Photo : Alain Barbero | Texte : Evelyn Schalk | Traduction : Sylvie Barbero-Vibet

 

niche et estrade, récit dans le renfoncement des fauteuils, plateau de tables qui dissimulent des myriades de paroles. le café bourgeois d’autrefois est rapidement devenu l’opposé du sacro-saint salon. un lieu de séjour pour tous ceux qui veulent, doivent ou peuvent s’échapper de leurs propres murs. parce que l’espace manque, qu’il y a trop de bruit ou un silence figé, que les souvenirs étouffent toute vie ou que le vide menace de s’étendre à l’infini. pour être avec les autres ou seul. le café est un lieu de refuge et parfois le seul petit luxe. cette seule prise de conscience est un moyen de survie.
contrairement à de nombreux cafés, le café Scherbe est resté un point d’ancrage pendant de nombreuses années, à presque toutes les heures du jour et de la nuit. car un café abolit les heures normales, prendre le petit déjeuner l’après-midi, écrire après minuit, discuter jusqu’au petit matin, dans l’intemporalité, le temps devient individuel. juste au coin du Scherbe, j’ai passé mes premiers jours dans une rédaction, dans la maison même où, des décennies auparavant, trois générations de femmes de ma famille vivaient dans un espace restreint, à une époque où le quartier n’était pas encore branché, mais plutôt un quartier de pauvres. une photo de mon arrière-grand-mère la montre assise dans l’unique pièce de l’appartement, avec le journal ouvert à côté d’elle, sur lequel se trouve une grande loupe. “vous ne vous intéressez pas assez !”, avertissait celle à qui le travail laissait peu de temps et qui consacrait le peu qui lui restait à la lecture, se rappelait ma mère. c’est dans ce même journal que j’ai appris plus tard, à la périphérie de la ville, le journalisme en partant de zéro. tout le monde allait au café. d’innombrables couples s’y sont trouvés et perdus. une institution à la fois politique et privée. un véritable salon public et un salon du public. c’est précisément pour cette raison – et non en vertu d’un cliché poussiéreux et opaque – que la littérature naît ici.

 


Interview de l’auteure

Que peut la littérature ?
Evelyn Schalk : presque tout.

Quelle est l’importance des cafés pour toi ?
ES : le café est l’un des premiers endroits que je visite dans une ville encore inconnue et la première destination quand je rentre. il signifie arriver à destination et en même temps, être en route, c’est le seul moyen de s’évader et de s’immerger dans un monde jusqu’alors inconnu. être là. en marge, au centre. aller au café signifie toujours partager quelque chose, un accord tacite, un code au-delà des frontières. anonymat et confiance. prise d’espace et refuge. espace libre. résistance contre la privatisation de l’être. et c’est justement pour cela que c’est aussi un lieu d’écriture. pas toujours, mais encore et toujours.

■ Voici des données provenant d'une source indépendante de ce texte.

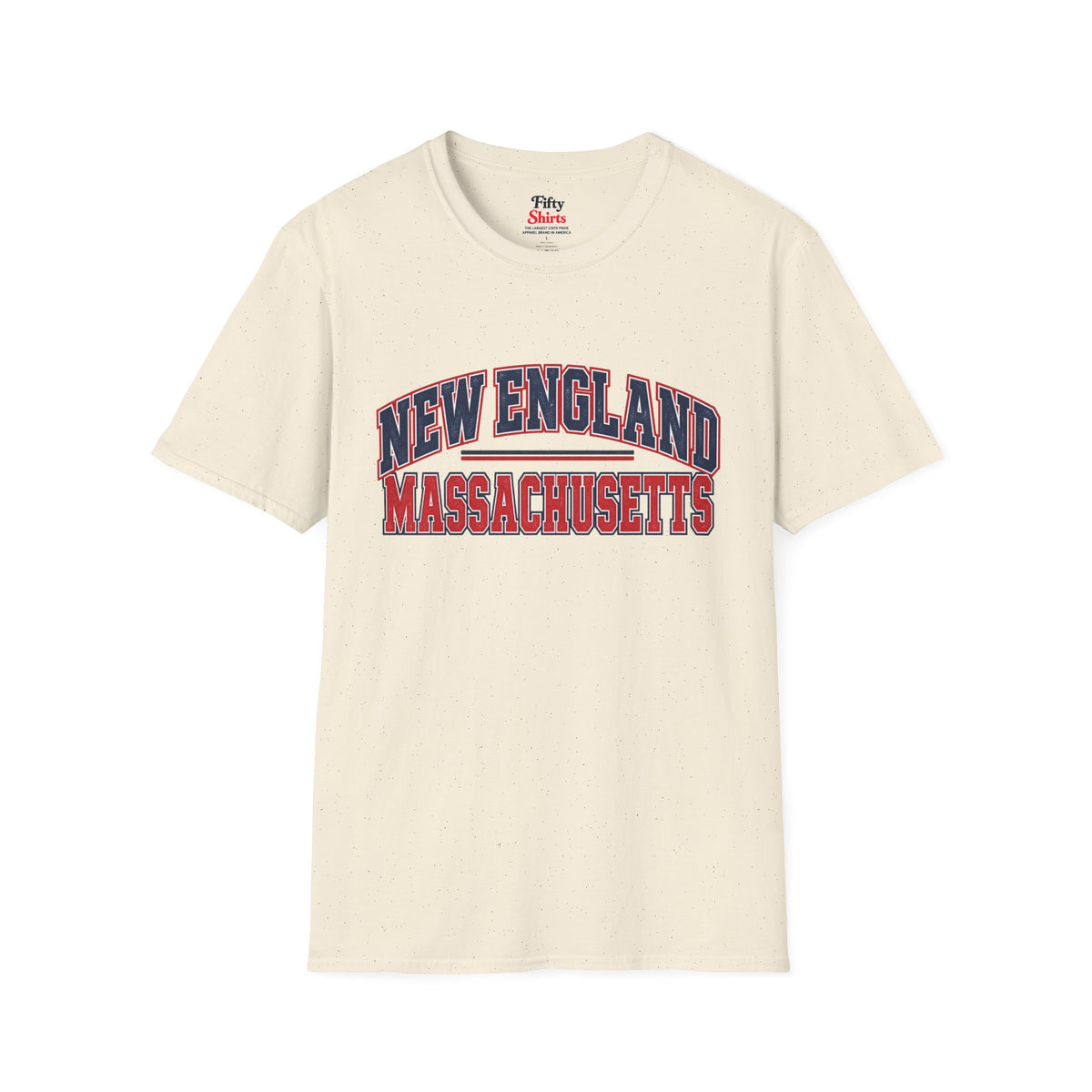 New England Massachusetts Unisex Softstyle T Shirt State Name Graphic Tee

Où te sens-tu à la maison ?
ES: en mouvement.

 

BIO

Journaliste, autrice, travailleuse dans la culture ; co-éditrice et rédactrice en chef de ausreißerDie Wandzeitung et tatsachen.at ; études de langues et littératures romanes et allemandes ainsi que  des disciplines médiatiques. Chroniqueuse pour perspektive – hefte für zeitgenössische literatur ; reportages, articles, essais pour Frankfurter Rundschau, Standard, mare, Megaphon, Datum, Beton International, jungle world et autres journaux ; publication du volume Graz – Abseits der Pfade (2018) ; projet littéraire nacht.schicht quer durch Europa. Série actuelle : About War – Die Sprache des Krieges.